KUSA Breed Group: Terrier

Place Of Origin: England

Original Function: Pitbul fighting

Availability in S.A.: Abundant

Age of Maturity: 2-3 Years

Average Life Span: 12-14 Years

Height Dogs & Bitches: 14-16 Inches

Weight Dogs: 34 – 38 lbs (seldom)

Bitches: 28 – 34 lbs (seldom)

Is the Breed recommended as a natural Guard Dog? The Stafford will protect the family that it loves, but should not be bought for the sole purpose of being a guard dog as it won't necessarily protect your property.
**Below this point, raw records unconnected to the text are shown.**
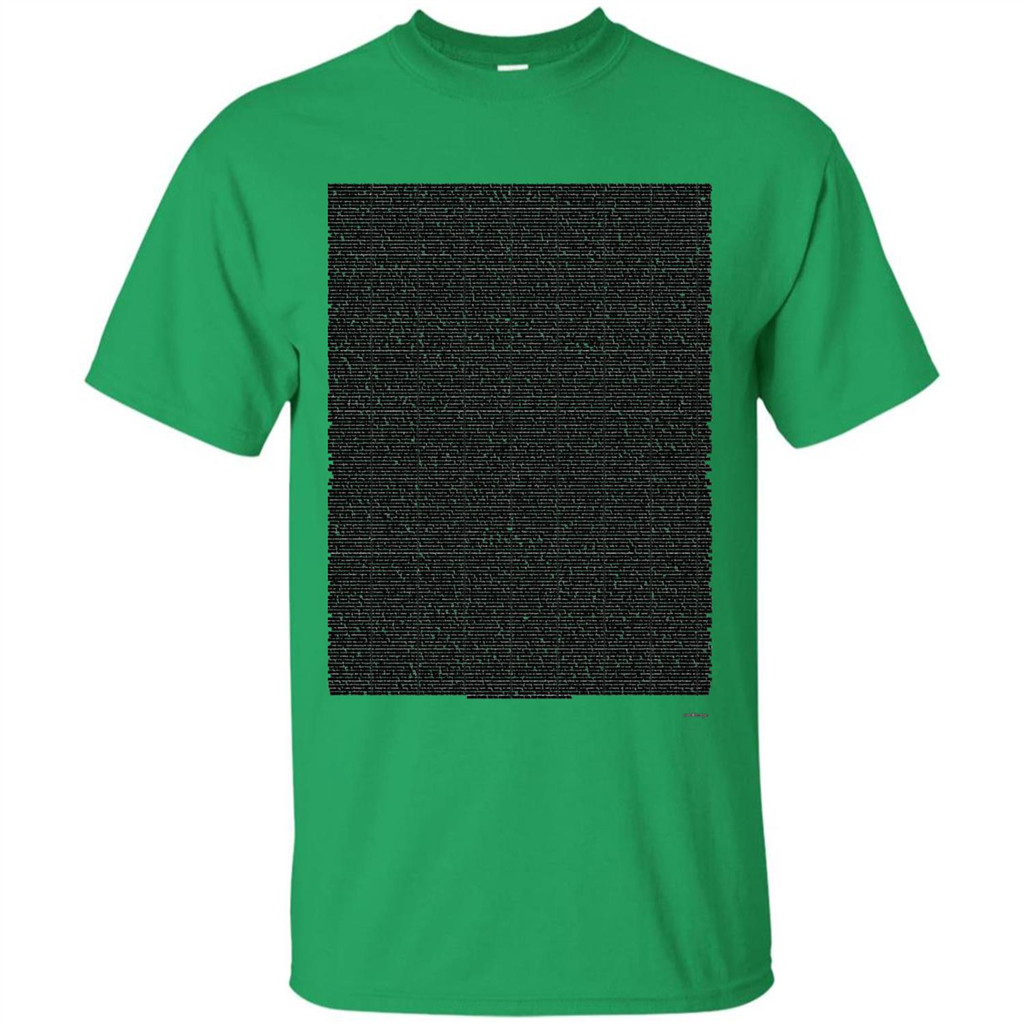 Bee Movie Script T-shirt Irish Green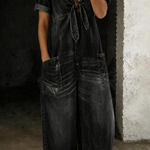 Garance | Denim Jumpsuit with V-Neck – view 4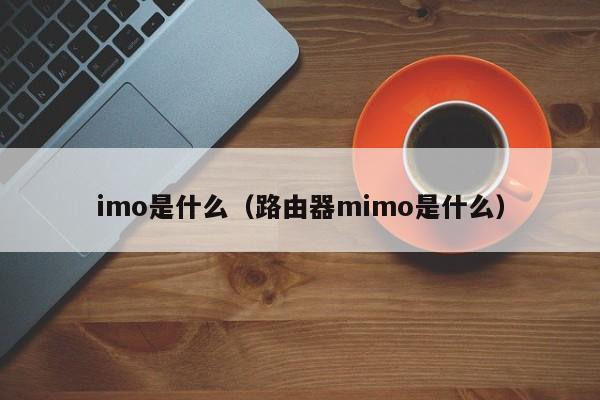 imo是什么（路由器mimo是什么）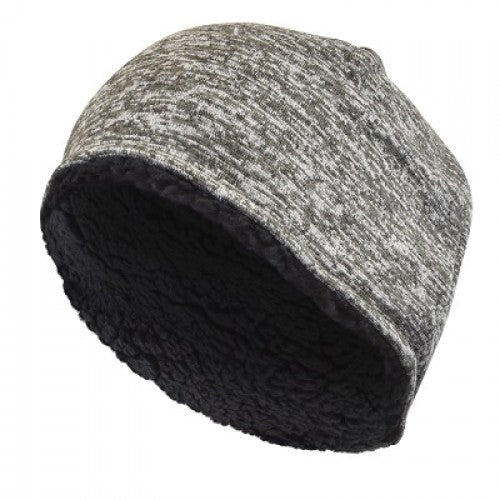 MELANGE FLEECE BEANIE, PLUSH LINED
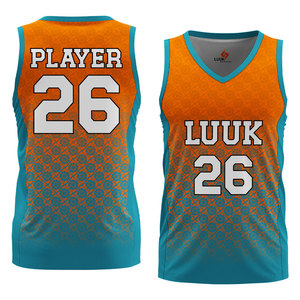 Camiseta de Baloncesto con Cuello en V, Sublimación Personalizada, Absorbe la Humedad, Uniforme de Equipo, Proveedor de Ropa Deportiva al por Mayor OEM - Product Image 3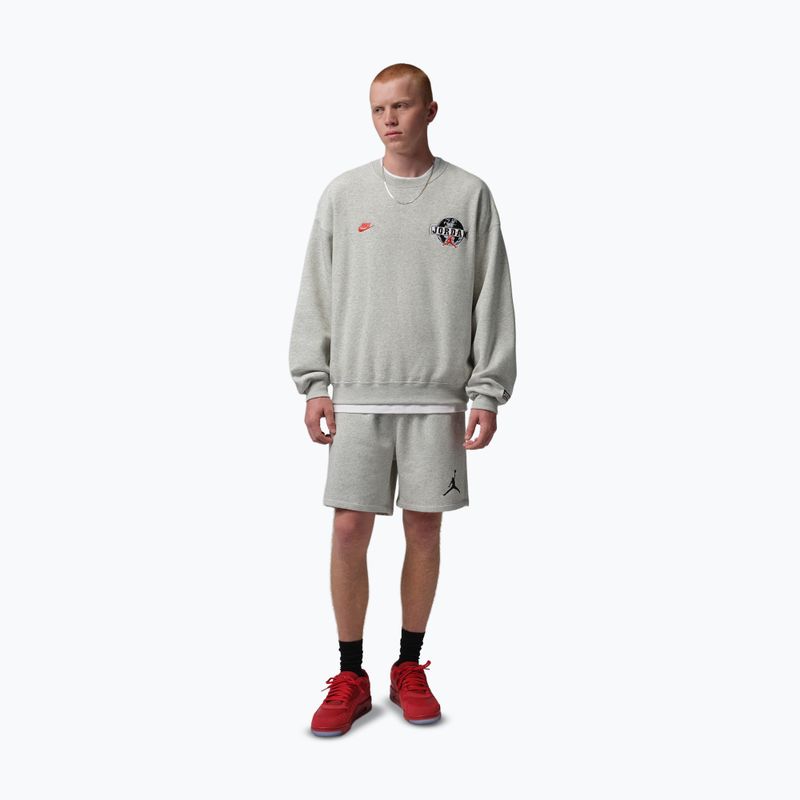 Pantaloncini uomo  Jordan Fleece grey heather/black 2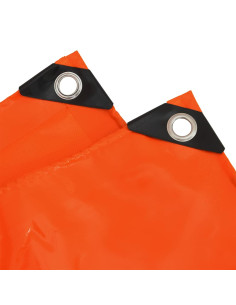 Telo 650g / m² Arancione 1,5 x 2 m Tela con rivestimento in PVC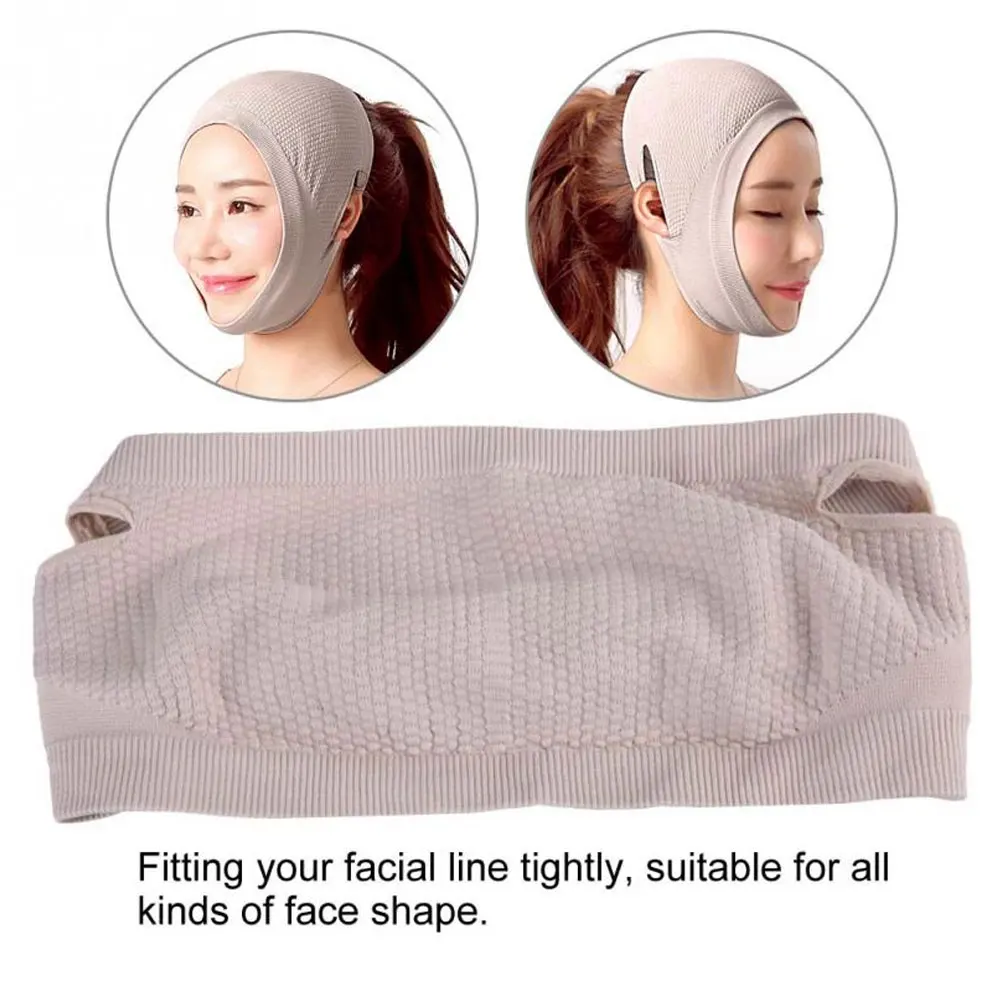 1 шт. маска с V образной линией полоска для лифтинга лица ремни похудения двойным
Attitude to strangers: Normally friendly - depending the attitude of the strangers

Easy to Train? Yes – As with any dog breed, proper training is a must for the Stafford. This is a very intelligent dog breed that can be stubborn, following his own will if permitted.

Easy to House Train? Yes - with perseverance, enough discipline and reward

Is a Stafford noisy or does it bark much? Not at all – very seldom barks

Good Family Dog? Definitely

Good with Children? Yes - probably the breeds hallmark

Good with other dogs? Don't tolerate same sex easily... depends on it's upbringing

Good with Cats? No, only if they grew up together

Can they live in Harmony with other Pets? Yes

Coat Type and Length: Short, shiny, medium length, not too coarse. The very short, smooth coat of the Stafford requires little more than routine grooming. This breed tends to shed at a low to moderate rate, though shedding does increase seasonally.
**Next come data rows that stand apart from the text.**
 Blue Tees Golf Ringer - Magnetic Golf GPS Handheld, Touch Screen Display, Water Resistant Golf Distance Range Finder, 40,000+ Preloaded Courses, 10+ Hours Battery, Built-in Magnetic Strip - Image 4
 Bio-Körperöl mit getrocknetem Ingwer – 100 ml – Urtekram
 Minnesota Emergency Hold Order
Coat Colours: Any colour is acceptable (Red, fawn, white, black, blue or brindle (any shade) with or without white), except black & tan or liver which is undesirable

Maintenance of Coat: Just a regular brush or bath with baby shampoo

Food: High quality dog food & meat

Exercise: The Stafford is an athletic dog breed with plenty of energy, so routine exercise is very important (15 - 30 minutes daily). However, be cautious not to overdo it in warmer weather, as the breed is sensitive to heat. Staffords will especially benefit from dog sports that challenge them mentally and physically. Regardless of the type of exercise you give your Stafford, be sure it is provided with water about twice daily or more.

Town or Country Dog? Both providing it gets exercise

Can they adapt to Town house or Flat? Yes

Could they Live Outdoors? They won't bond with you well if they had to stay outside all the time and most likely get-up to mischief

Heredity Abnormalities: HD, L2-HGA, Hereditary Cataracts, PHPV

Special Considerations: Staffords thrive on attention, but also needs routine and discipline

Personality: Peaceful – very affectionate

 

DO’S and DONT’S / Advice

•  NO BONES
(except raw chicken necks (cut into 2cm pieces, shin or leg of lamb)

•  Preferably low fat milk

•  Keep puppies on 4 x daily meals for first 3 months, then 3 x daily till 6 months, then 2 x daily till 1 year. Thereafter once daily. Increase quantity on demand, but never overfeed

•  Beware of swimming pools – majority of Staffords are POOR SWIMMERS!!!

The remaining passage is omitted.